*** Entries provided Section Begins ***

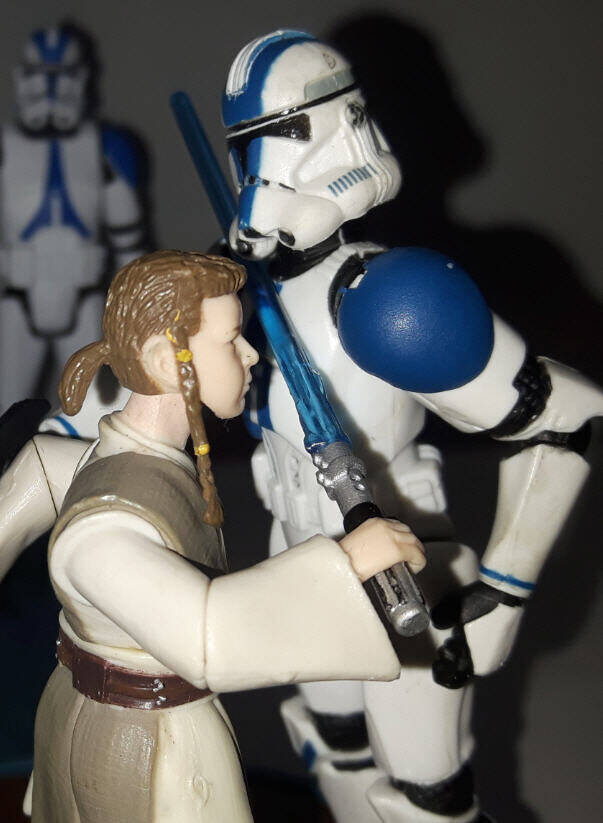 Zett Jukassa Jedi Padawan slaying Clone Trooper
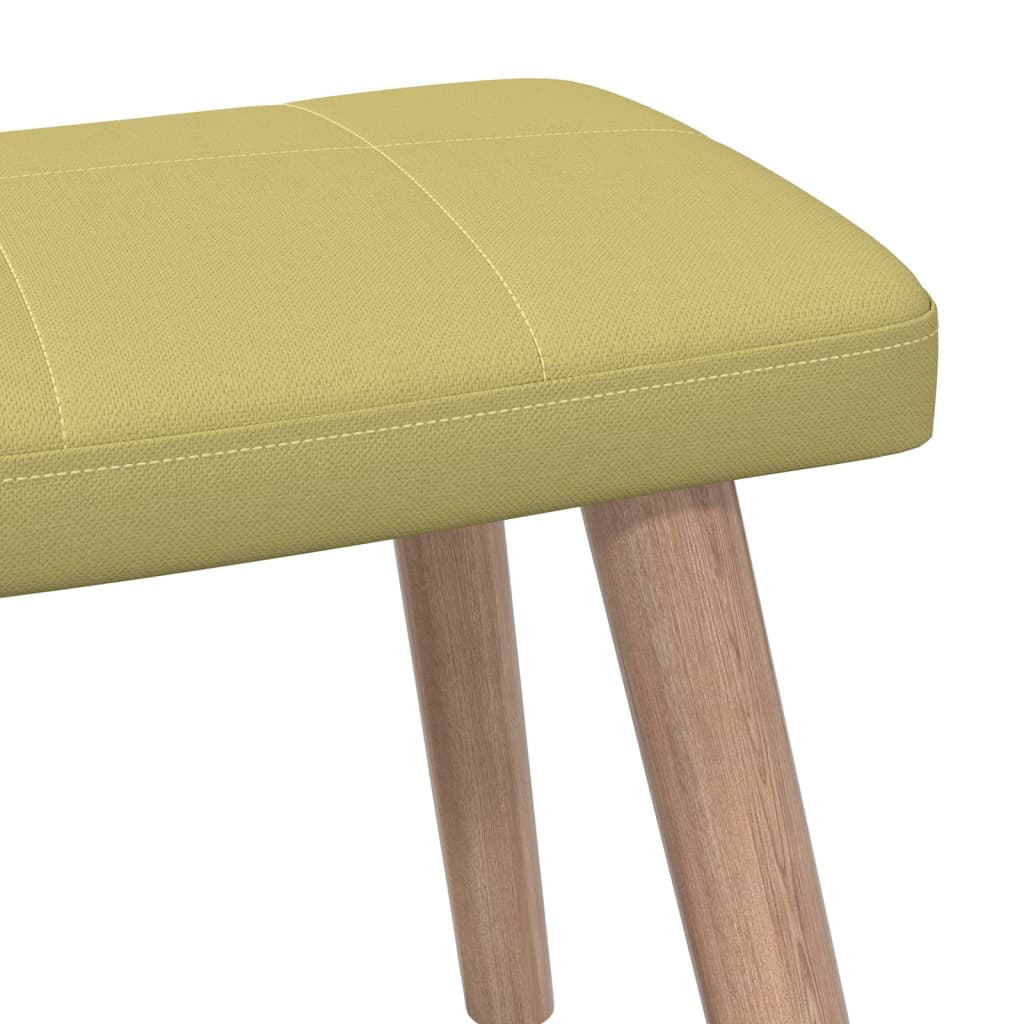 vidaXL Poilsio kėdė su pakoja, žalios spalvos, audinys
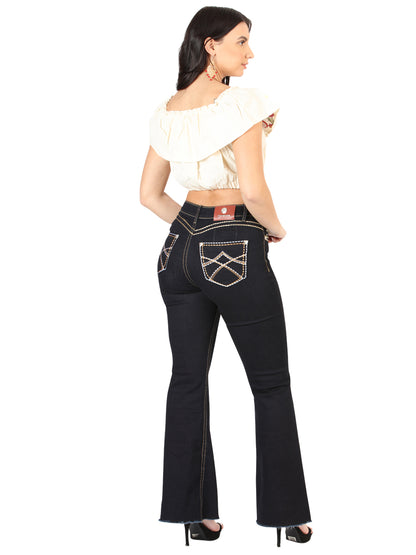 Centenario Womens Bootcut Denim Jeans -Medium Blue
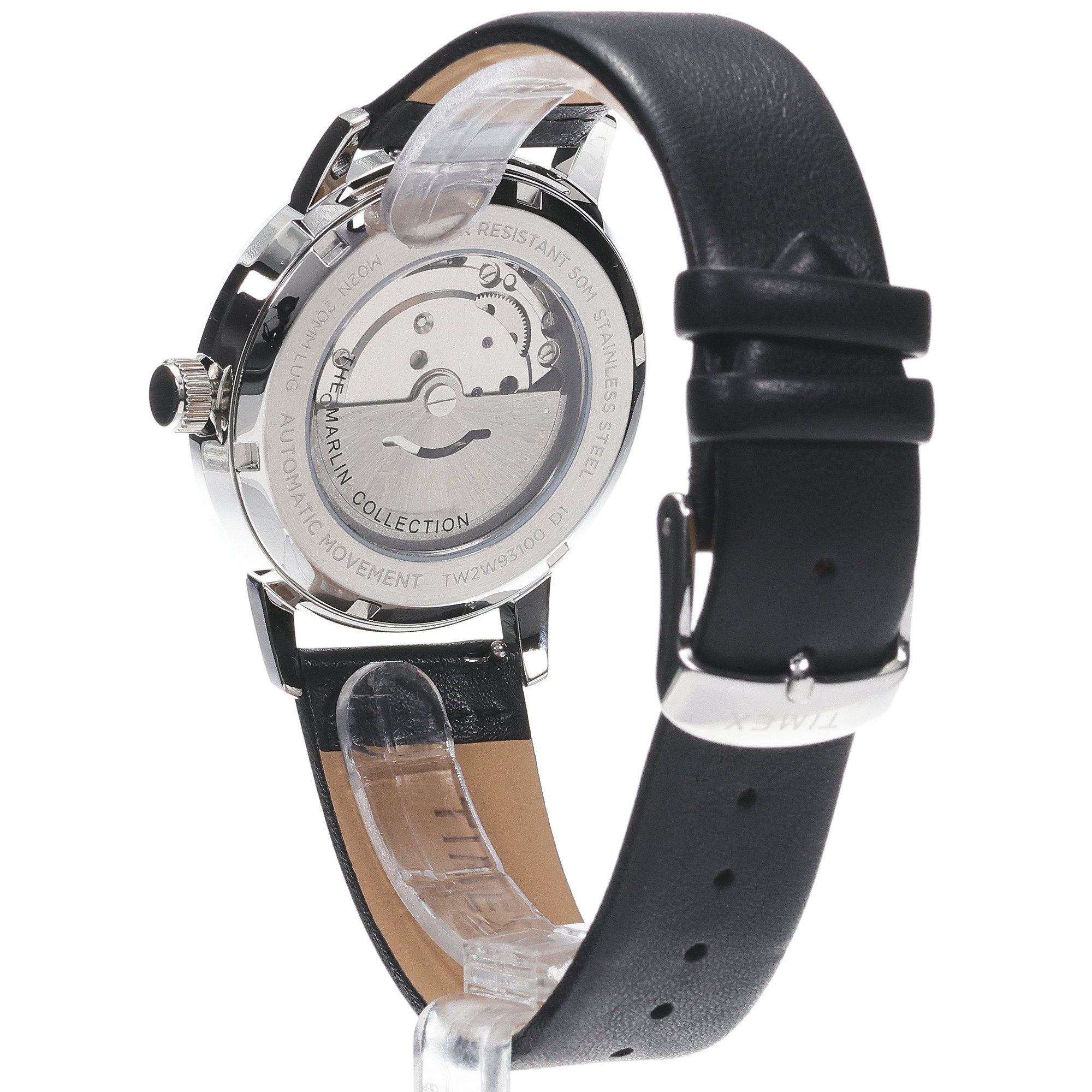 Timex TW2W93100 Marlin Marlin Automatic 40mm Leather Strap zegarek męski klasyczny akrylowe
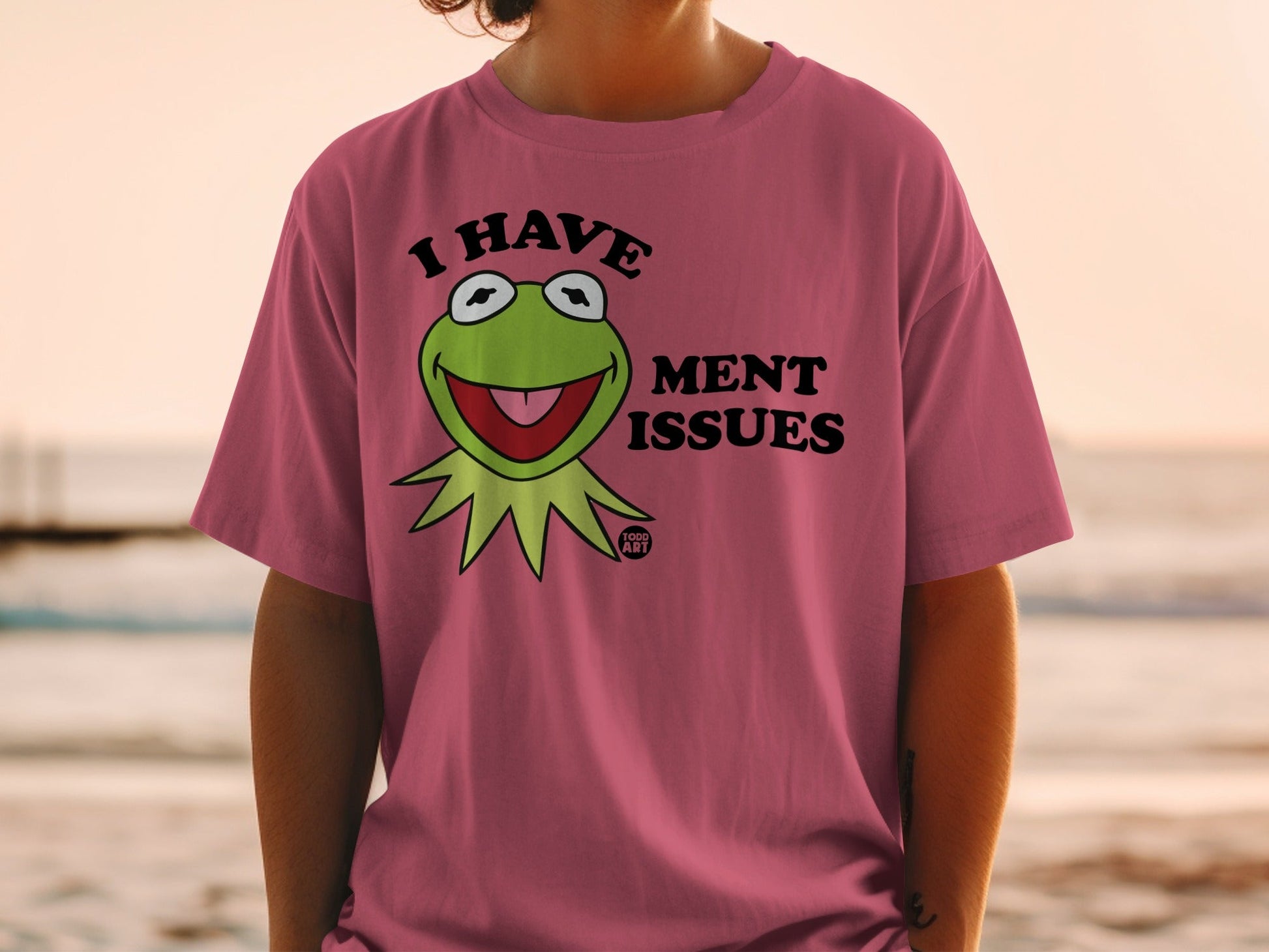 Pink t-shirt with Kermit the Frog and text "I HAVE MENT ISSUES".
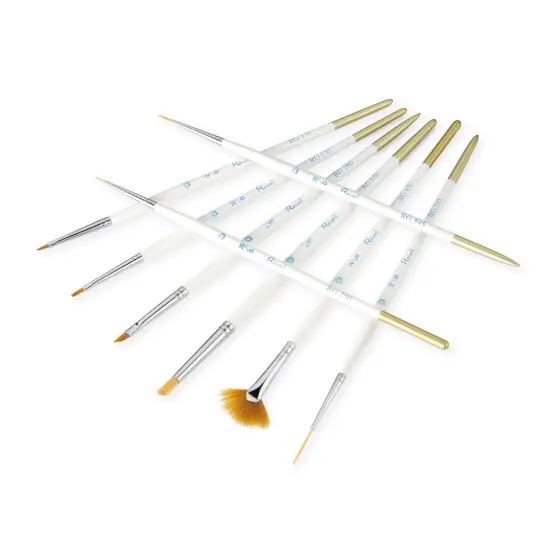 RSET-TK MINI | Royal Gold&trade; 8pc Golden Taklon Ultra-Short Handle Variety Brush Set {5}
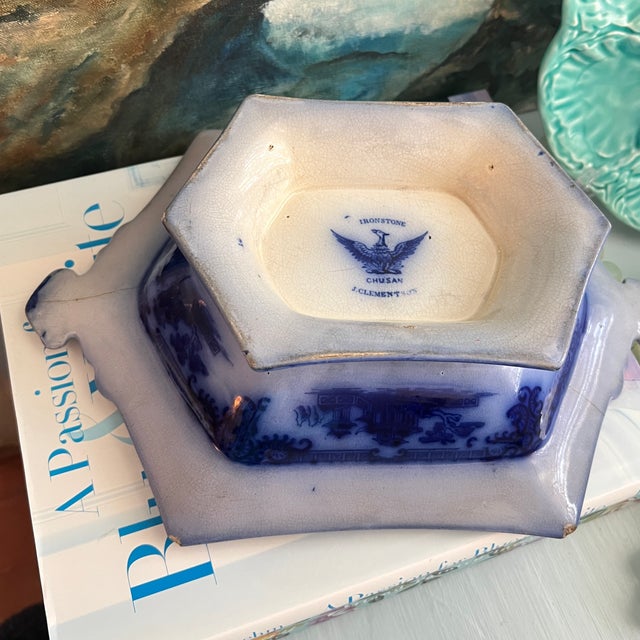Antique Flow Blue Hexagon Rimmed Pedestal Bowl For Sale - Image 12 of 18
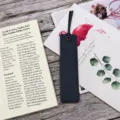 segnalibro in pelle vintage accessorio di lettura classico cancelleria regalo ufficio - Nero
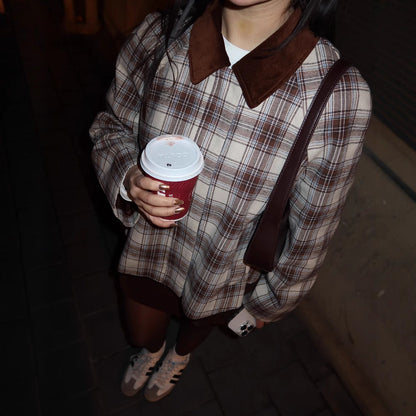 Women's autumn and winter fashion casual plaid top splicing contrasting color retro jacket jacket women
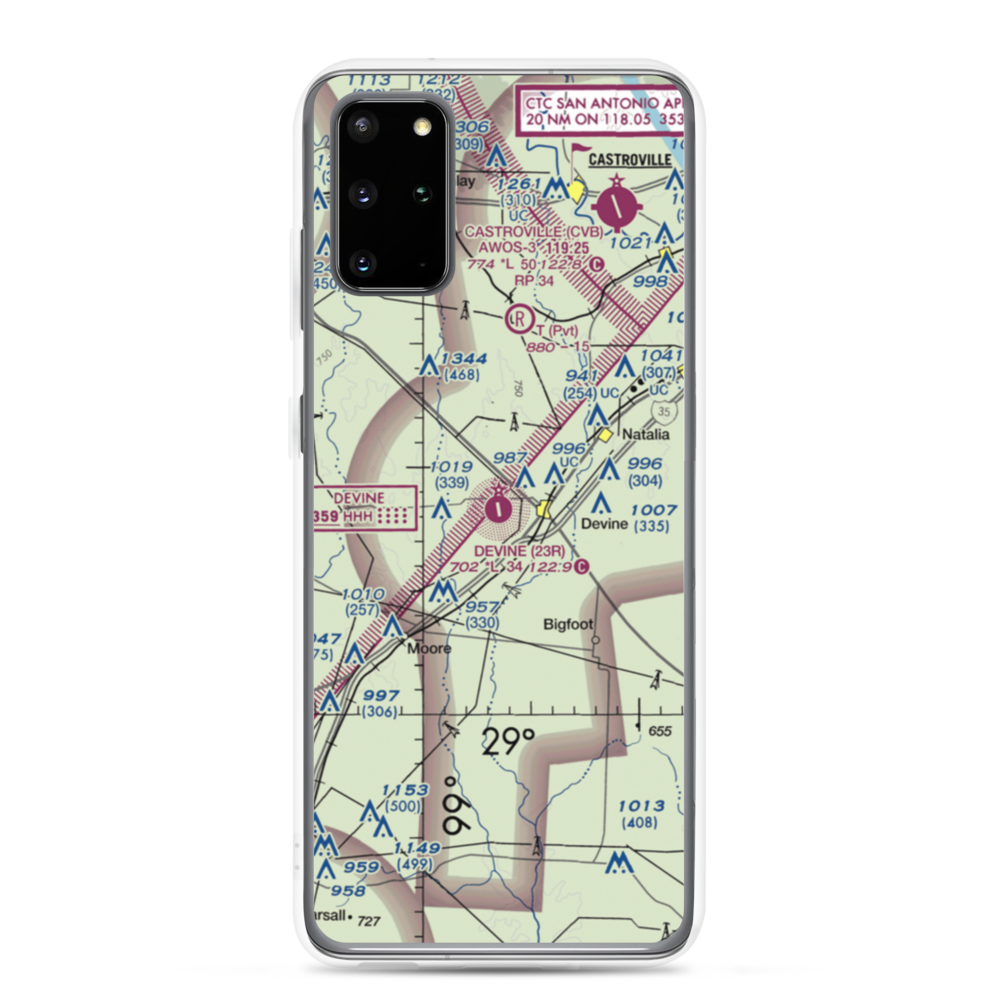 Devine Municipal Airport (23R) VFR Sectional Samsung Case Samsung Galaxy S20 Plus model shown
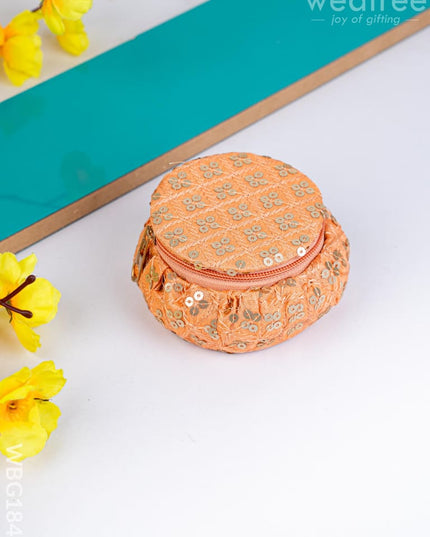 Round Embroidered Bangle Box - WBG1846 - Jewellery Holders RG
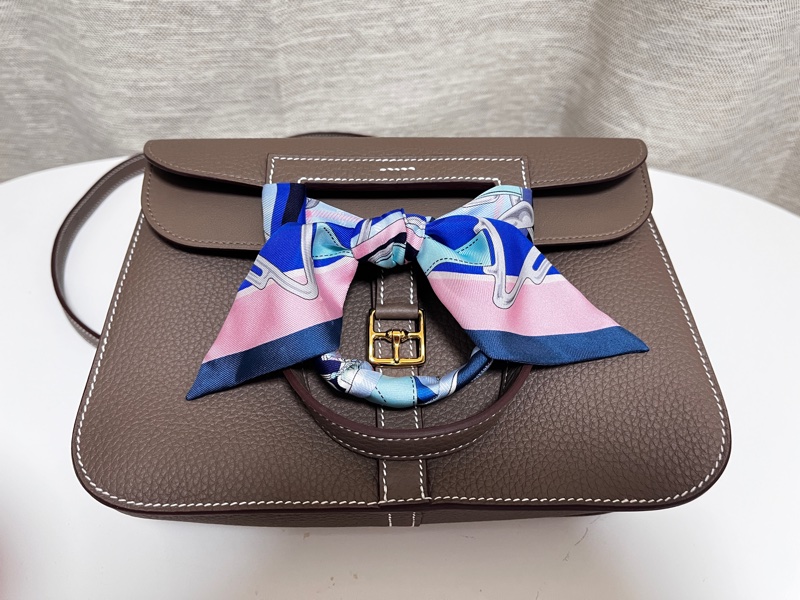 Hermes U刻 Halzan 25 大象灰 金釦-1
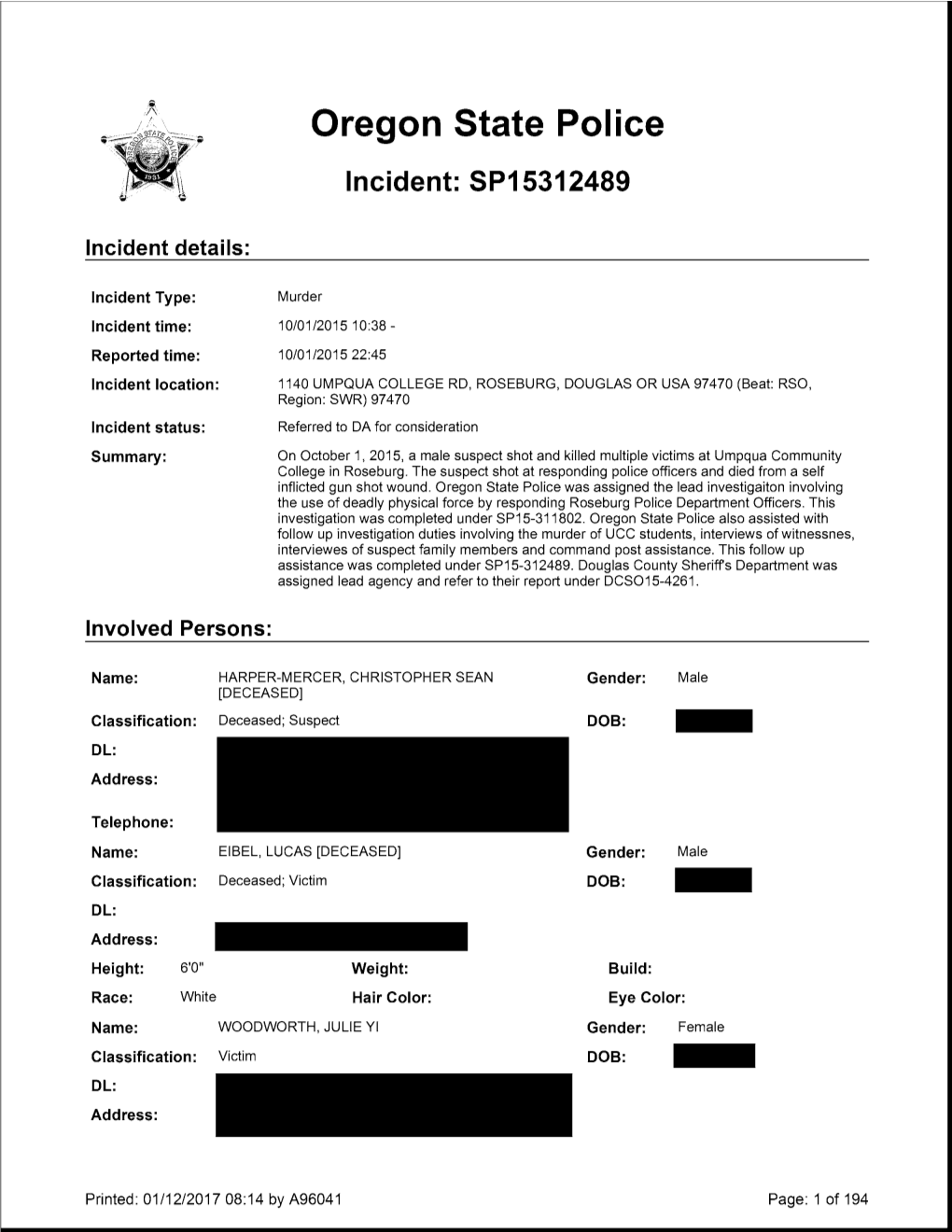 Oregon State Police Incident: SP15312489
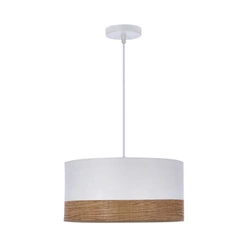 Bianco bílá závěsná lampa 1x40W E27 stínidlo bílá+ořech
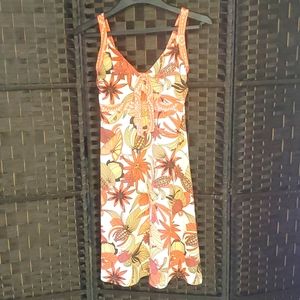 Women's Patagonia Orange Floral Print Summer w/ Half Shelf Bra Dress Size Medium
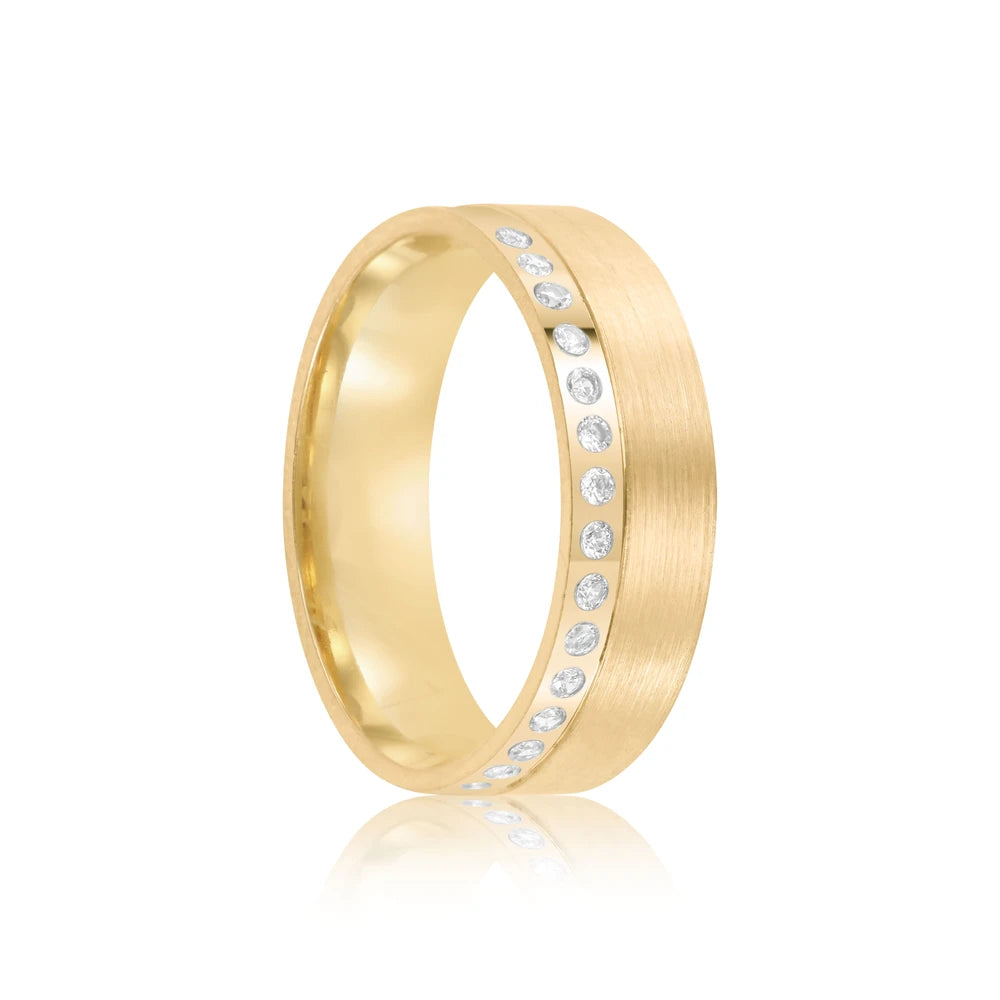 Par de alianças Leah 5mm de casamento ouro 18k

*** Entries provided Section Ends ***

**Exercise**
Your answer must be a verbatim copy of the entries above, with no images included.

**Exercise output**
 Zett Jukassa Jedi Padawan slaying Clone Trooper
 vidaXL Poilsio kėdė su pakoja, žalios spalvos, audinys
 Centenario Womens Bootcut Denim Jeans -Medium Blue
 Timex TW2W93100 Marlin Marlin Automatic 40mm Leather Strap zegarek męski klasyczny akrylowe
 Pink t-shirt with Kermit the Frog and text "I HAVE MENT ISSUES".
 RSET-TK MINI | Royal Gold&trade; 8pc Golden Taklon Ultra-Short Handle Variety Brush Set {5}
Antique Flow Blue Hexagon Rimmed Pedestal Bowl For Sale - Image 12 of 18
 segnalibro in pelle vintage accessorio di lettura classico cancelleria regalo ufficio - Nero
 Women's autumn and winter fashion casual plaid top splicing contrasting color retro jacket jacket women
 Devine Municipal Airport (23R) VFR Sectional Samsung Case Samsung Galaxy S20 Plus model shown
 Round Embroidered Bangle Box - WBG1846 - Jewellery Holders RG
 Hermes U刻 Halzan 25 大象灰 金釦-1
 Oregon State Police Incident: SP15312489
 Bianco bílá závěsná lampa 1x40W E27 stínidlo bílá+ořech
 Women's Patagonia Orange Floral Print Summer w/ Half Shelf Bra Dress Size Medium
 Par de alianças Leah 5mm de casamento ouro 18k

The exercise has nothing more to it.